Se até o relógio parado acerta de vez em quando, que dirá nossa hipótese
que ninguém sabe se vai funcionar ou não. O relógio fica aí pra lembrar
a gente que, se a gente não repetir o experimento, ele não vale muita
coisa. Por um ponto de dados, passam infinitas retas. Por dois, passam
infinitas curvas. E só lá depois do terceiro que a gente pode começar a
ter alguma certeza.
-Caramba.
-Pois é.
-Uau.
-Mas não é só isso.
-Ah não?
-Você logo de cara olhou o relógio e falou que ele estava estragado.
Sendo que você nem sabia para quê a gente usava o relógio. Se você não
sabe qual a função de uma coisa, pra que ela de fato é usada, você não
pode sair apontando o dedo falando que ela está certa ou não. Agora que
você sabe pra que serve esse relógio específico nesse ambiente
específico, você ainda acha que ele está estragado?
-Pra falar a verdade acho sim.
-Porque você tem uma ideia de como os relógios devem funcionar, o que
eles devem fazer. E qualquer coisa que saia do que você espera, pra
você, não serve. Mas na vida, na ciência, não é assim. A mesma coisa
pode servir pra várias funções diferentes. Em algumas ela provavelmente
vai estar errada: você não pode usar um martelo pra trocar uma lâmpada.

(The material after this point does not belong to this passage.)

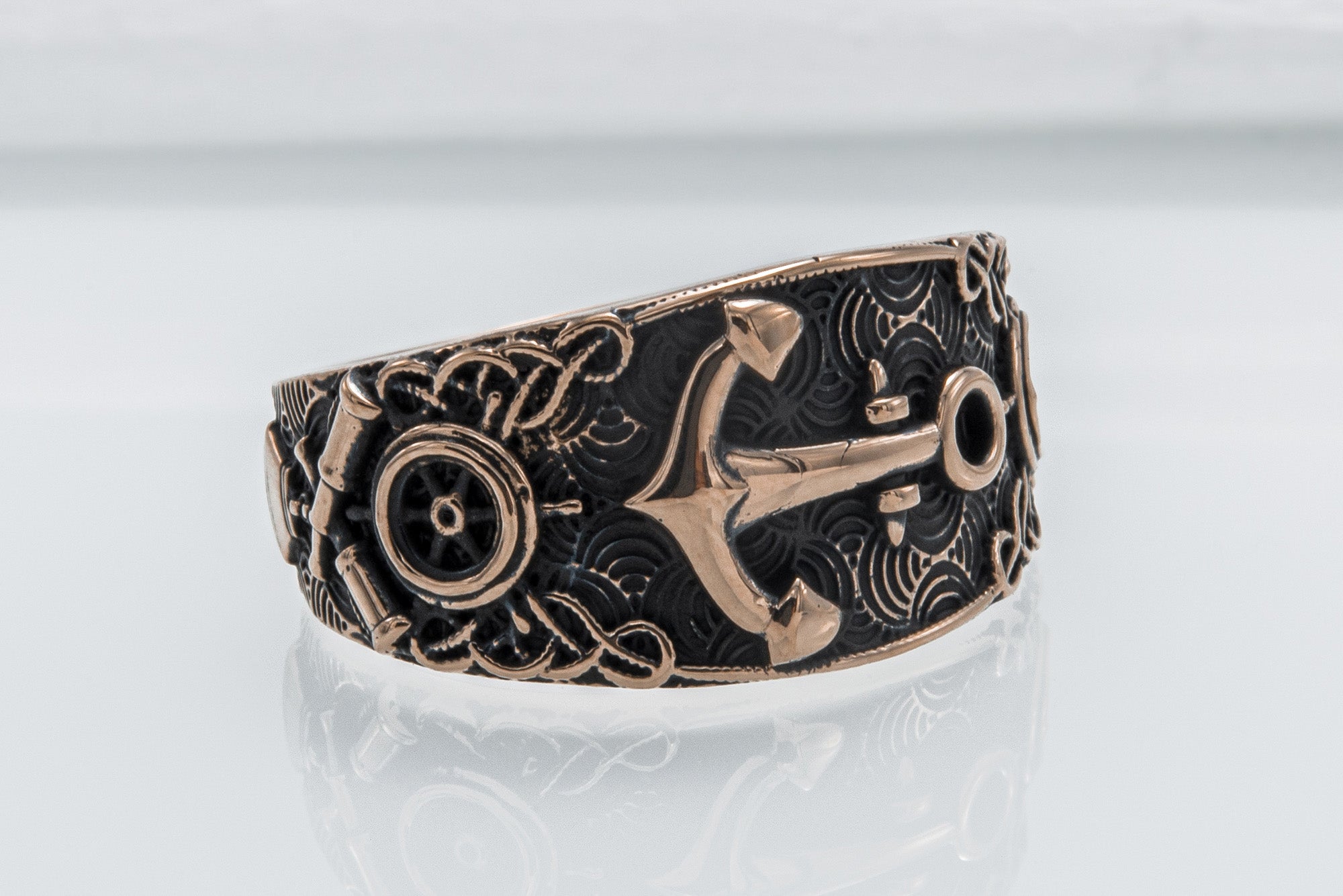 Unique Ring with Anchor Symbol Bronze Handcrafted Jewelry - vikingworkshop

Mas você pode usar um martelo como peso de papel, pra nivelar uma mesa,
até como lenha para uma fogueira se precisar. O uso depende da
necessidade. Imagina se um físico entra aqui e fala que a gente está
errado por usar o modelo atômico diferente do que ele usa? Mas poxa, se o
modelo que eu uso funciona tão bem, pra que que eu vou usar outro mais
complicado? Imagina se eu chego pra um arquiteto ou um astrônomo e falo
que ele não pode usar o modelo geocêntrico pra calcular onde o sol vai
estar ao longo do dia? Eles vão rir da minha cara. Ninguém precisa usar a
relatividade pra calcular a velocidade de um caminhão - quer dizer, a
não ser que esse caminhão esteja a uma velocidade próxima à da luz, que
nesse caso acho que ele já ultrapassou em muito o limite de velocidade
de qualquer estrada.
-Uau. Mal entrei no laboratório e já aprendi muita coisa.
-Pois é.
-Mas, vem cá, vocês já tinham pensado nisso quando colocaram esse relógio aí?

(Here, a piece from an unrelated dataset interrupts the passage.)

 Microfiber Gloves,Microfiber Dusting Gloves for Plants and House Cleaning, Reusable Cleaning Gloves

-Na verdade não. Ele funcionava certinho até uns dois meses atrás. Mas
aí ninguém teve a vontade e o tempo de colocar pilhas novas, e a gente
só deixou ele ali.
-É, eu acho que quando a pessoa quer, ela
consegue inventar explicação pra qualquer coisa, por menos sentido que
essa coisa faça. E consegue inventar uma justificativa mirabolante e
totalmente nada a ver para justificar até o que claramente está errado e
não tem o menor motivo pra estar ali.
E o estudante de doutorado
olhou de novo para a sua conclusão no artigo, olhou pro visitante, de
volta pro artigo, e foi fazer mais um experimento.